## [REQUIREMENT]
With pictures omitted, copy exactly every line from the one that contains "Squamous metaplasia of the uterine cervix." to the end of the listing below.

## [EXERCISE INPUTS]
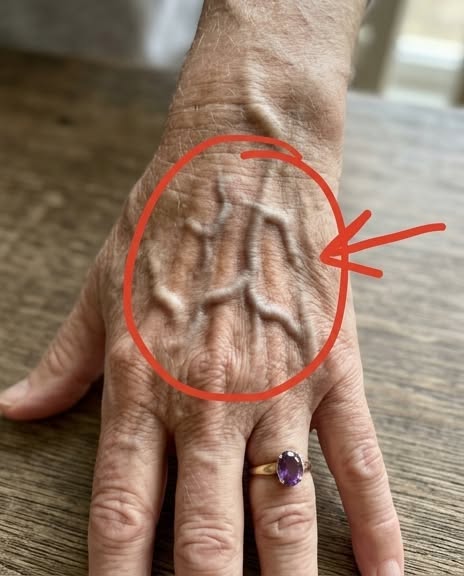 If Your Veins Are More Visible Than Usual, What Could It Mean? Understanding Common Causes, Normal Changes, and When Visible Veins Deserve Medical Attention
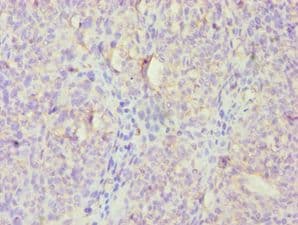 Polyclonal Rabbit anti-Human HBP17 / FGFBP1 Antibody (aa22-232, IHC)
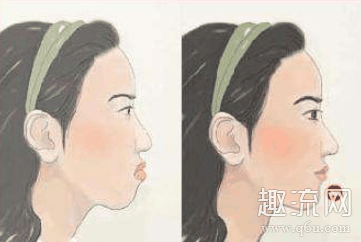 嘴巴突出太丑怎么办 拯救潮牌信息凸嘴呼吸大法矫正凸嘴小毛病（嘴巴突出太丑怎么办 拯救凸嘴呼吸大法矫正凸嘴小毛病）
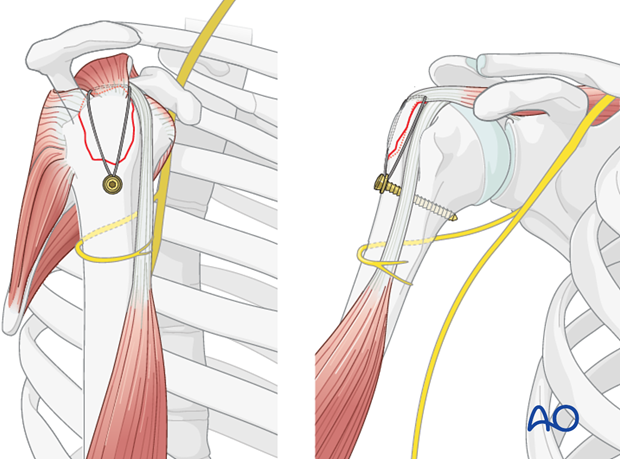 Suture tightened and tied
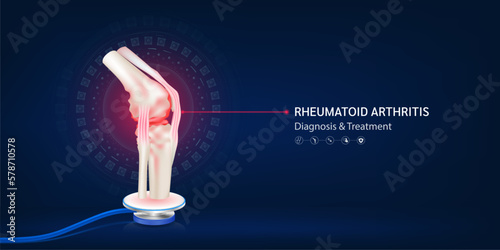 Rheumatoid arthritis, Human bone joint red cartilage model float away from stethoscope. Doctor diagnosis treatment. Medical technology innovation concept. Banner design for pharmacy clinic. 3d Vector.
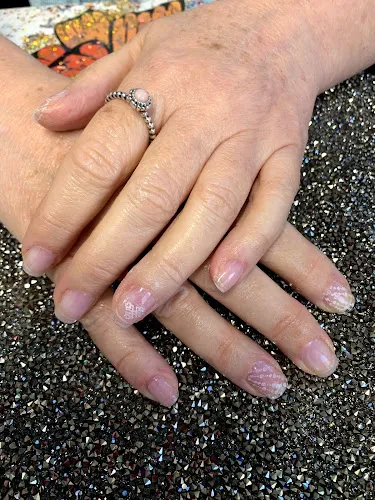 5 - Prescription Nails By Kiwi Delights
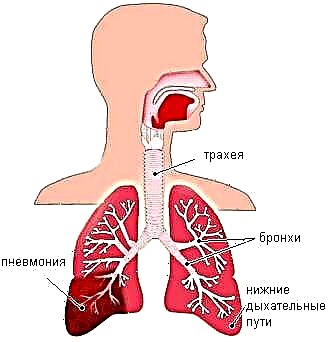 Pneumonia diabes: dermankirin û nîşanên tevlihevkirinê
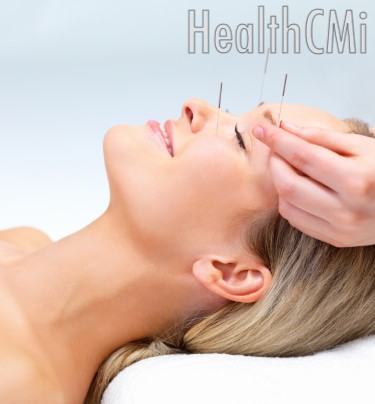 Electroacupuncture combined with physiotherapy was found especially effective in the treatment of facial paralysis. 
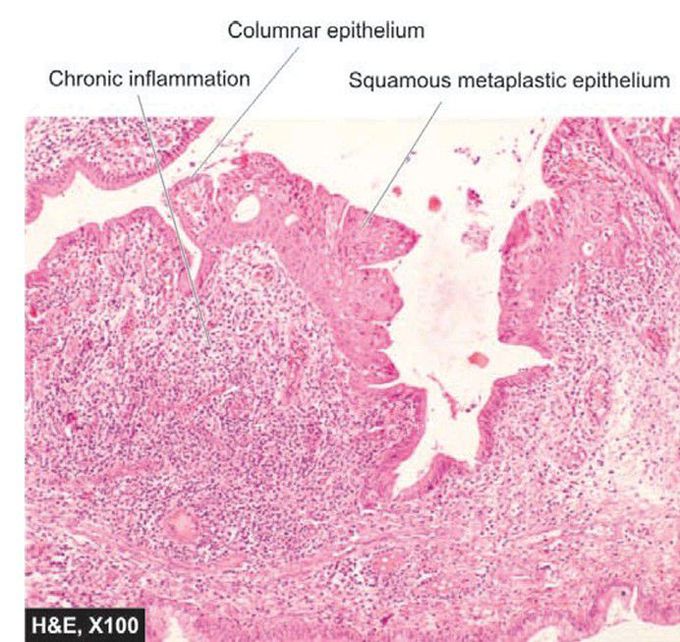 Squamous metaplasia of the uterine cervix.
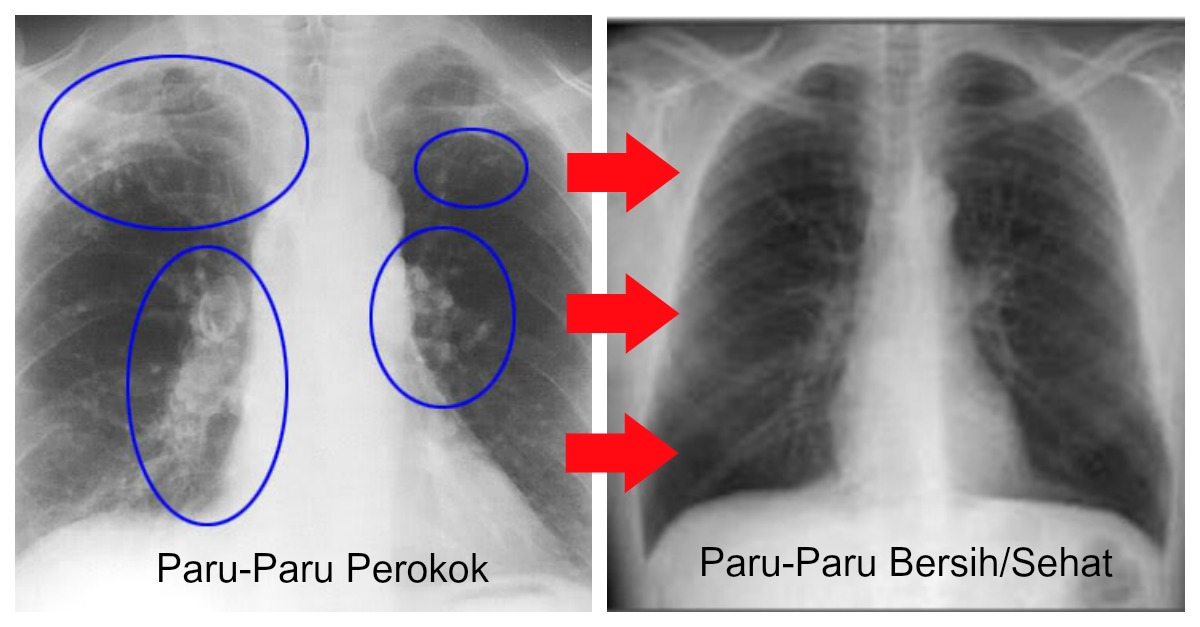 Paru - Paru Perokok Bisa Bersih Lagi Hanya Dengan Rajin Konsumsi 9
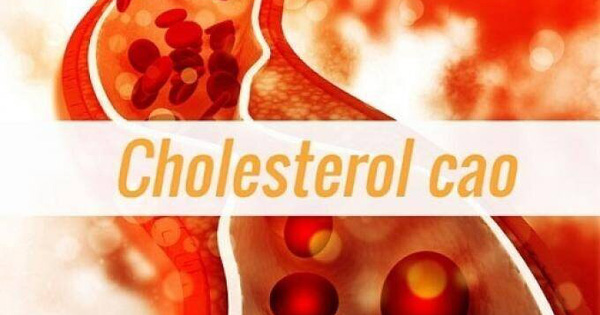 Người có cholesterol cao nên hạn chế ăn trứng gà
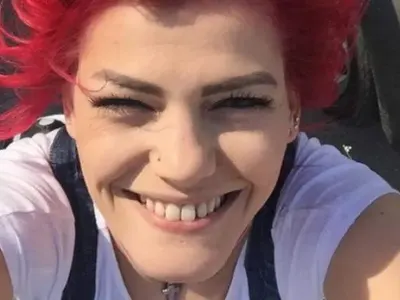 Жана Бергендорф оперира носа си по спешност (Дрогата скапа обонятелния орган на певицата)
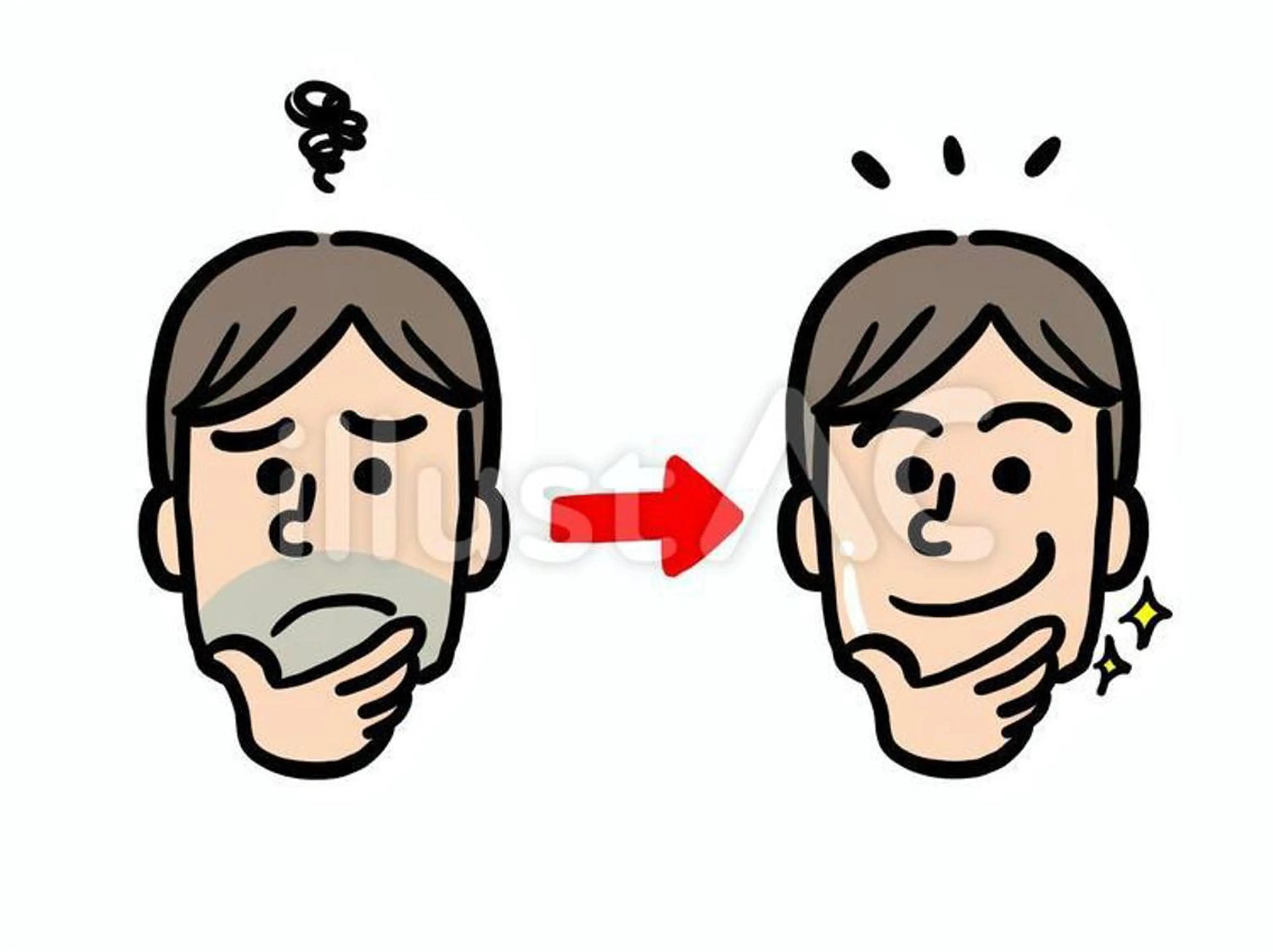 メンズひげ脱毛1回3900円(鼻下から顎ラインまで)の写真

## [REPLY]
 Squamous metaplasia of the uterine cervix.
 Paru - Paru Perokok Bisa Bersih Lagi Hanya Dengan Rajin Konsumsi 9
 Người có cholesterol cao nên hạn chế ăn trứng gà
 Жана Бергендорф оперира носа си по спешност (Дрогата скапа обонятелния орган на певицата)
 メンズひげ脱毛1回3900円(鼻下から顎ラインまで)の写真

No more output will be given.